The time between the beginning of the CSS burst and the complete activation of the test object is measured. 

NOTE: If the measurement using the CS-Signal does not allow to clearly identify the minimum activation level, 
the measurement may be repeated by using a one syllable word instead of the CS-Signal. The word used 
should be of similar duration, the average level of the word should be adapted to the CS-signal level of 
the according CS -burst. 

6.8.2 Minimum activation level and sensitivity in Receive direction 

For further study. 

6.8.3 Automatic level control 

For further study. 

6.8.4 Silence Suppression and Comfort Noise Generation 

For further study. 

6.9 Background noise performance 

6.9.1 Performance in send direction in the presence of background noise 

Requirement 

The level of comfort noise, if implemented, shall be within in a range of +2 dB and -5 dB compared to the original 
(transmitted) background noise.
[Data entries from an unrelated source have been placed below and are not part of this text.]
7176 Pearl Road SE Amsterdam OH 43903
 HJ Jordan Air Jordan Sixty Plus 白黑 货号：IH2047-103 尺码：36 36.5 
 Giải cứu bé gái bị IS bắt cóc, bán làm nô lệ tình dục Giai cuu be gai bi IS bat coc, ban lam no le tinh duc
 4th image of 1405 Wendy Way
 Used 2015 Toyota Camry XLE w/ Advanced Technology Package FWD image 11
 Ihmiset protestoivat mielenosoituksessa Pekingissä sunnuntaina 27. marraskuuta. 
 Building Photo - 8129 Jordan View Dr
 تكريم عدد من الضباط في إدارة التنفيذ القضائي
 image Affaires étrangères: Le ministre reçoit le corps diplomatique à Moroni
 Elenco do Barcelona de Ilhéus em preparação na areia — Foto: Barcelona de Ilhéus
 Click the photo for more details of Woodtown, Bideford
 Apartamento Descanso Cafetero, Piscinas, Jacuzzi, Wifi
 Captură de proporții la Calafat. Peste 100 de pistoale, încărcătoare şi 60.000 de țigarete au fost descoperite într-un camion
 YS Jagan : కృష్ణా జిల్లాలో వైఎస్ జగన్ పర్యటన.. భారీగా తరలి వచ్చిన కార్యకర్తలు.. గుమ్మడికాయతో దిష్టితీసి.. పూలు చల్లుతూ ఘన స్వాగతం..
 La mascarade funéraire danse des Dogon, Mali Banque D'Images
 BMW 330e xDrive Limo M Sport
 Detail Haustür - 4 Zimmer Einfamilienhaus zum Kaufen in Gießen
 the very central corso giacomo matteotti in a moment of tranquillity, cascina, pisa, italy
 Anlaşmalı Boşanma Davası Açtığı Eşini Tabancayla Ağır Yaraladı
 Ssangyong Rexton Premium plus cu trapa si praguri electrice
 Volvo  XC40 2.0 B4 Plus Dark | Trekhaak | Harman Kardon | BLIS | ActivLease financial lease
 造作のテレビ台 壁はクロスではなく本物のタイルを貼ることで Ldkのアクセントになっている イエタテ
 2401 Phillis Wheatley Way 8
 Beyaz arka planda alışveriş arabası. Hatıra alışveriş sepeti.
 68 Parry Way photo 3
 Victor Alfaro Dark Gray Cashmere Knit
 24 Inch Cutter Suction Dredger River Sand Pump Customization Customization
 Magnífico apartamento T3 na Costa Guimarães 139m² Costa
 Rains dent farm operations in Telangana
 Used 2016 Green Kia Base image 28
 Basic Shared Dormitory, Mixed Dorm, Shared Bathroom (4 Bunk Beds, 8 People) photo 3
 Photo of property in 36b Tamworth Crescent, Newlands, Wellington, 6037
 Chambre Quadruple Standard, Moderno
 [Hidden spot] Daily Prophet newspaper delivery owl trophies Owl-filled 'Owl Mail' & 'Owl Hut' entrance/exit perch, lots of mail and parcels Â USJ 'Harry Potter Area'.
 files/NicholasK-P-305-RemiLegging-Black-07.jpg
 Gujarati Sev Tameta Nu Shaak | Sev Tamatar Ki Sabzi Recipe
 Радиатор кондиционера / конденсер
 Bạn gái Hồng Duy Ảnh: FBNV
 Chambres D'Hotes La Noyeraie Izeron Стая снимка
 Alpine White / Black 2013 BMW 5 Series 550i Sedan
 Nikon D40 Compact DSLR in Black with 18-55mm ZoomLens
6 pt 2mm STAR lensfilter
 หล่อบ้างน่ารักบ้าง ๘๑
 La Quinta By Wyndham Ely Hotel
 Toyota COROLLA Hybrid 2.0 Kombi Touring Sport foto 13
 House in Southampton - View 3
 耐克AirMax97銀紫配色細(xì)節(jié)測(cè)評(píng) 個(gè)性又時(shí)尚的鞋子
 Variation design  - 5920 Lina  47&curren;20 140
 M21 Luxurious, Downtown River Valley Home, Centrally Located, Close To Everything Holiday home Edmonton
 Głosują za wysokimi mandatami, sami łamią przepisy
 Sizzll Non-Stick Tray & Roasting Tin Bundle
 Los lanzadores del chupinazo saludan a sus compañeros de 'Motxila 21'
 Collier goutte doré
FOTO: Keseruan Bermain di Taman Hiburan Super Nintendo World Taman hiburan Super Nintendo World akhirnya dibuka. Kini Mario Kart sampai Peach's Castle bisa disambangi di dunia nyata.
The noise level is calculated with psophometric weighting. 

NOTE 1 : It is advisable that the comfort noise matches the original signal as good as possible (from a perceptional 
point of view). 

NOTE 2: Input for further specification necessary (e.g. on temporal matching). 

The spectral difference between comfort noise and original (transmitted) background noise shall be within the mask 
given through straight lines between the breaking points on a logarithmic (frequency) - linear (dB sensitivity) scale as 
given in table 6.9.1.1. 

Table 6.9.1.1 : Requirements for Spectral Adjustment of Comfort Noise (Mask) 



Frequency 


Upper Limit 


Lower Limit 


200 Hz 


12dB 


-12 dB 


800 Hz 


12dB 


-12 dB 


800 Hz 


10dB 


-10dB 


2 000 Hz 


10dB 


-10dB 


2 000 Hz 


6dB 


-6dB 


4 000 Hz 


6dB 


-6dB 


NOTE: All sensitivity values are expressed in dB on an 
arbitrary scale. 



Measurement Method 

The background noise simulation as described in clause 5.5 is used. 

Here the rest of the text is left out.